Après The Scabs à l’AB, Bruxelles vit une autre semaine sous haute tension rock. The Haunted Youth occupent le Cirque Royal pour une série de 4 soirs complets. Le concert du mercredi 30 avril 2026 auquel j’ai pu assister était le deuxième rendez-vous, et il a confirmé que le groupe limbourgeois est passé désormais dans une autre dimension.
Né en 2019 dans la chambre de Joachim Liebens, à Hasselt, The Haunted Youth est d’abord un projet solo né d’une période de dépression et d’isolement. Liebens y couche ses démons sur des guitares shoegaze et des synthés rêveurs. Le titre Coming Home devient viral en 2021, et le groupe remporte De Nieuwe Lichting de Studio Brussel la même année.
2022 voit la sortie de Dawn of the Freak, premier album acclamé. Teen Rebel, Gone, Broken tournent en boucle sur les radios belges et néerlandaises. Le son? Un pont entre DIIV, The Cure période Disintegration et Slowdive, mais avec des refrains taillés pour les stades à la Simple Minds. S’ensuivent Pukkelpop, Rock Werchter, une tournée européenne sold out et des premières parties prestigieuses. En 4 ans, le “bedroom project” est devenu le porte-drapeau de l’indie belge à l’export. Un raz-de-marée !
Complet comme la veille, le Cirque Royal accueillait ce mercredi 30 avril le deuxième des quatre concerts bruxellois du groupe.
20h45 : Noir salle. Joachim Liebens, silhouette frêle et voix de spleen, est entouré de ses quatre musiciens. Dès l’ouverture sur Boys Cry Too suivi de In My Head, la production pose ses marques. Le son est massif mais cristallin, chaque nappe shoegaze trouve sa place sous la coupole.
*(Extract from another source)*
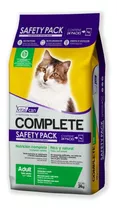 Alimento Vitalcan Complete Gato Adulto Safety Pack X24kg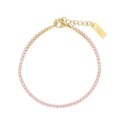 Pulsera riviere acero y circonitas - CH119T-DR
Le lightshow fait le reste : stroboscopes chirurgicaux, faisceaux qui découpent la fumée, écran circulaire noyé de textures VHS. L’esthétique du groupe — ce spleen lumineux entre chambre d’ado et cathédrale — prend une dimension quasi cinématographique dans l’écrin du Cirque. La scénographie joue la carte de l’épure : un coeur suspendu et surtout un jeu de lumières stroboscopiques qui colle aux murs dorés du Cirque.
Le son : Impeccable. La réverb caractéristique du groupe prend une ampleur nouvelle dans la coupole. La basse fait vibrer les balcons ( mon gobelet posé devant moi en fera les frais et tombera de lui même heureusement vide !) et la batterie claque sec. C’est shoegaze, mais ça cogne.
La setlist déroule Teen Rebel fait chavirer la salle. Et quand Joachim Liebens attaque Emo Song, Broken ou Coming Home en rappel ça déclenche des frissons collectifs.
Petit détail qui tue, le concert ne se termine pas sur un salut. Noir plateau. Puis l’écran de fond de scène s’allume comme au cinéma et un générique de fin défile. Techniciens son, lights, backline, tour manager, catering, chauffeur du bus… tous les noms de l’équipe impliquée dans le show apparaissent. Classe, respect, et terriblement impressionnant. Une façon de dire que le phénomène The Haunted Youth est une œuvre collective.
The Haunted Youth a réussi le pari le plus dur : passer du club au Cirque Royal sans perdre son intimité. Quatre dates sold out à Bruxelles, c’est le marqueur qu’un groupe change de catégorie, de révélation indie à tête d’affiche qui remplit les salles patrimoniales.
The Haunted Youth a livré exactement ce que Bruxelles attendait : un concert puissant et hypnotique, et vu l’accueil de ce 30 avril, le phénix a encore de belles années devant lui.